Once you have your container packaged, you can use it to train and serve models. Let's do that with the algorithm we made above.

## Set up the environment

Here we specify a bucket to use and the role that will be used for working with SageMaker.

In [22]:
# S3 prefix
prefix = 'DEMO-scikit-byo-sagemaker-containers'

# Define IAM role
import boto3
import re

import os
import numpy as np
import pandas as pd
from sagemaker import get_execution_role

role = 'SageMakerRole'

## Create the session

The session remembers our connection parameters to SageMaker. We'll use it to perform all of our SageMaker operations.

In [20]:
import sagemaker as sage
from time import gmtime, strftime

sess = sage.Session()

## Upload the data for training

When training large models with huge amounts of data, you'll typically use big data tools, like Amazon Athena, AWS Glue, or Amazon EMR, to create your data in S3. For the purposes of this example, we're using some the classic [Iris dataset](https://en.wikipedia.org/wiki/Iris_flower_data_set), which we have included. 

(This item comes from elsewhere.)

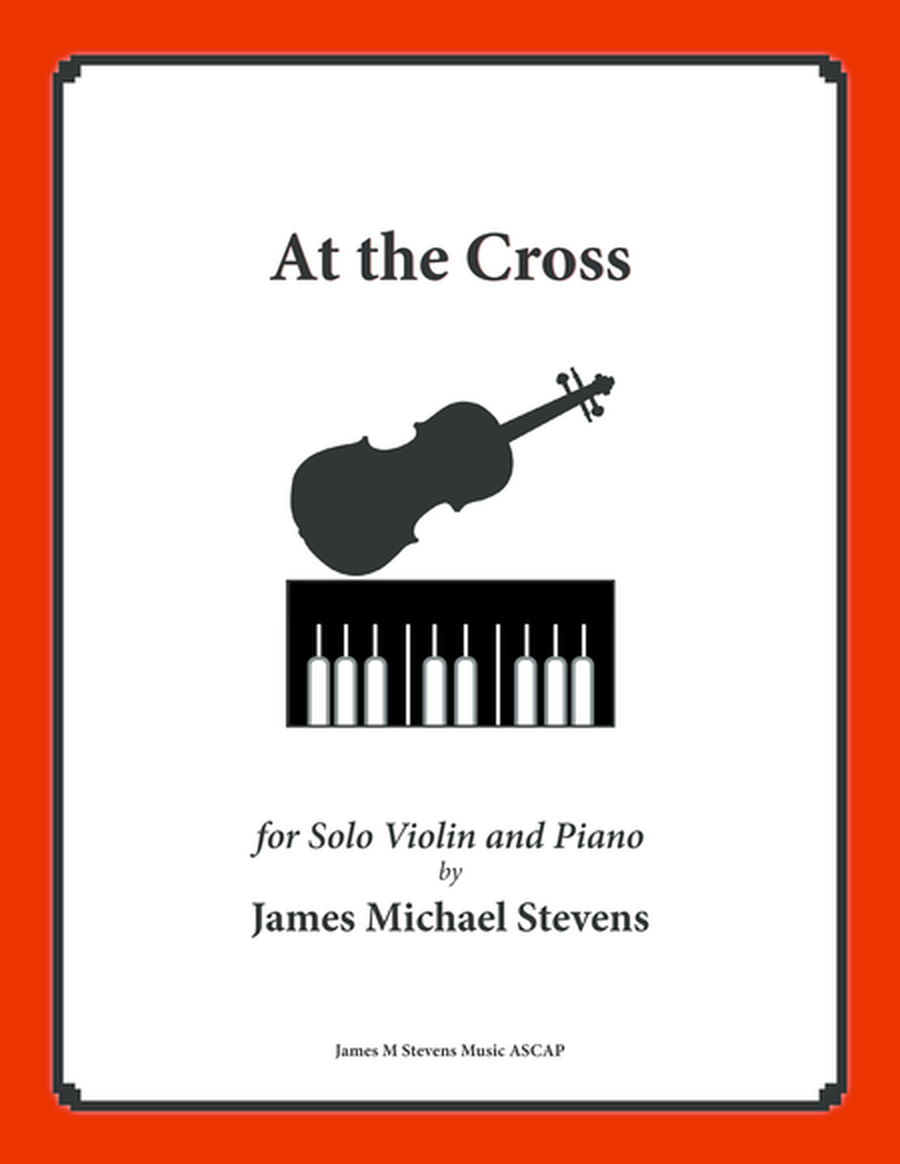 At the Cross (Solo Violin & Piano) image number null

We can use use the tools provided by the SageMaker Python SDK to upload the data to a default bucket. 

In [21]:
WORK_DIRECTORY = 'data'

data_location = sess.upload_data(WORK_DIRECTORY, key_prefix=prefix)

## Create an estimator and fit the model

In order to use SageMaker to fit our algorithm, we'll create an `Estimator` that defines how to use the container to train. This includes the configuration we need to invoke SageMaker training:

* The __container name__. This is constructed as in the shell commands above.
* The __role__. As defined above.
* The __instance count__ which is the number of machines to use for training.
* The __instance type__ which is the type of machine to use for training.
* The __output path__ determines where the model artifact will be written.
* The __session__ is the SageMaker session object that we defined above.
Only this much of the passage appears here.